これまでのところ、AFUはある程度の適応力を見せている。特に最近、機械化された部隊を無援護のまま前進させるのではなく、小規模の分散部隊を編成し、ロボティンとヴェルボベの間のスペースにゆっくりと前進しようとしている。分散への移行は損失率を減らすことを意図しているが、劇的な突破の確率をさらに低下させ、決定的な突破行動を一時的に放棄し、再び匍匐前進による陣地戦に移行することを意味する。
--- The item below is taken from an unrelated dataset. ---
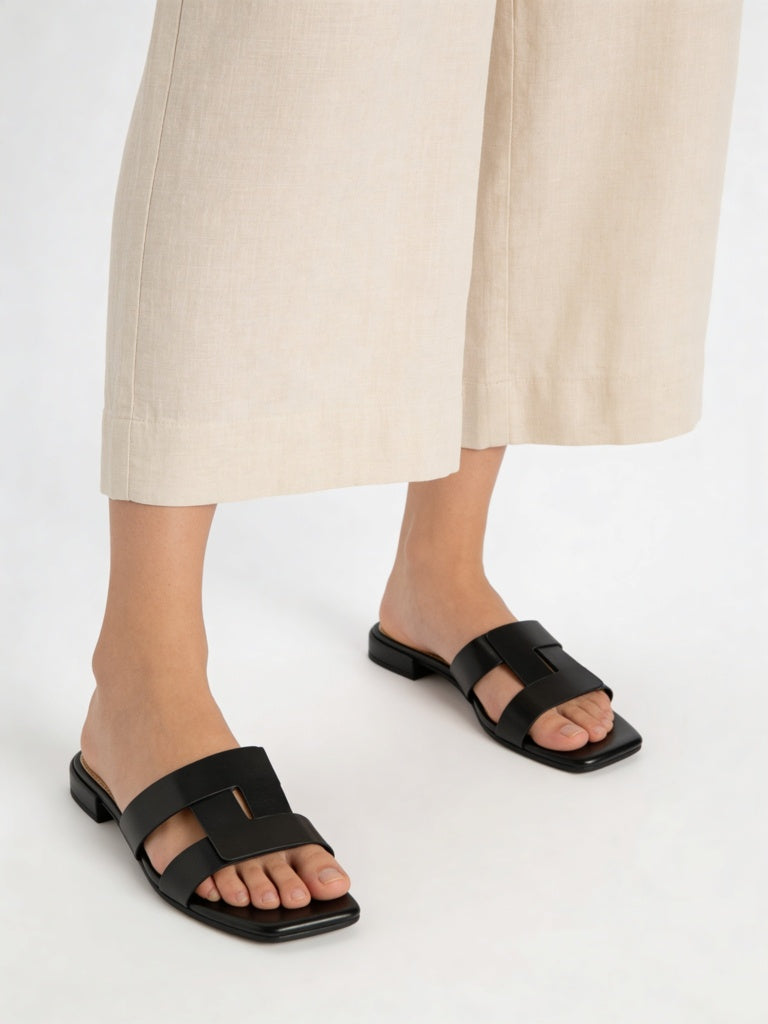 LUNA BLU Black Lock-Pattern Sandals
このような事態の中で、ロシア軍に大きな損害が生じたことを忘れてはならない。ロボティーン方面のロシア軍は、精鋭のVDVや海軍歩兵部隊を含め、ローテーションと増援が必要だったことは承知している。ロシアは砲台を失い、反撃行動で車両を失い、塹壕で待機していた兵士が死亡した。ウクライナ側が投入した最初の突撃部隊は戦闘力が高く、戦闘は双方にとって非常に血なまぐさいものとなった。一方的な撃ち合いではなく、強度の高い戦争なのだ。
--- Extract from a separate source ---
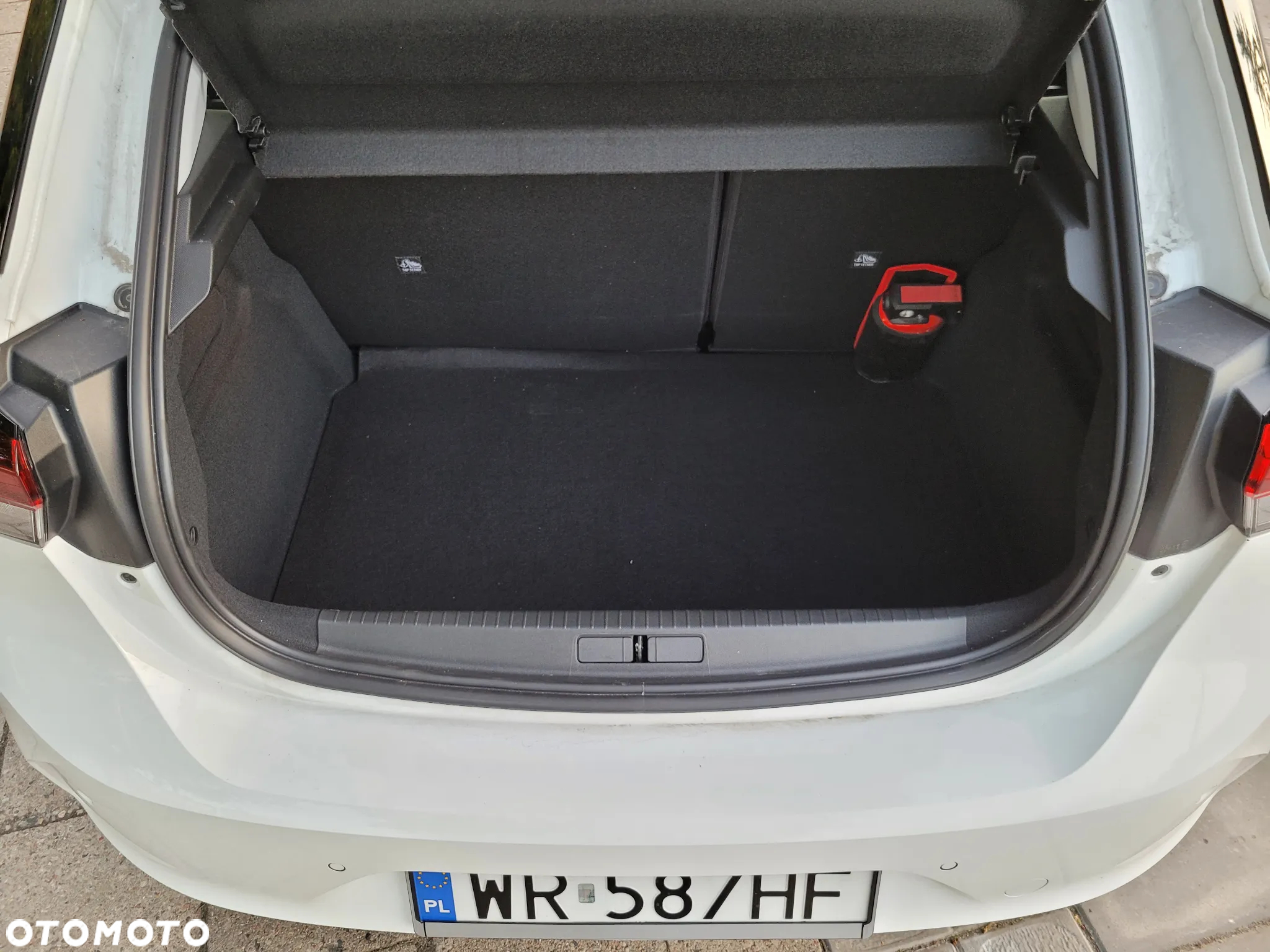 Opel Corsa 1.2 Elegance S&S - 27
しかし、そこが問題の核心である。ウクライナは、自らが置かれた消耗戦と陣地戦争から逃れることができないようだ。機動」戦への回帰を宣言するのは聞こえはいいが、敵の防御を突破できなければ、それは空威張りでしかなく、闘争の本質は消耗戦のままだ。戦闘力を使い果たす前に突破できるかどうか」が問題になれば、それは機動戦ではない。消耗しているのだ。

戦史に関する私の連載では、軍隊が必死に戦線のロックを解除し、作戦行動可能な状態を回復しようとしたさまざまな事例を見てきたが、それを行う技術的能力がない場合、そのような意図は少しも意味をなさない。誰も、消耗戦の数学の間違った側面に捕らわれたくはないだろうが、自分が何を望んでいるのかがまったく重要でないこともある。消耗が押し付けられることもある。

ロシアの驚異的な防衛力を突破するのに必要な能力(射撃、防空、ISR、EW、コンバット・エンジニアリング、その他諸々)がないため、ウクライナは岩の上での戦いに陥っている。2人のファイターが互いにバットを振り回しているが、ロシアの方が大きなバットを持った大きな男だ。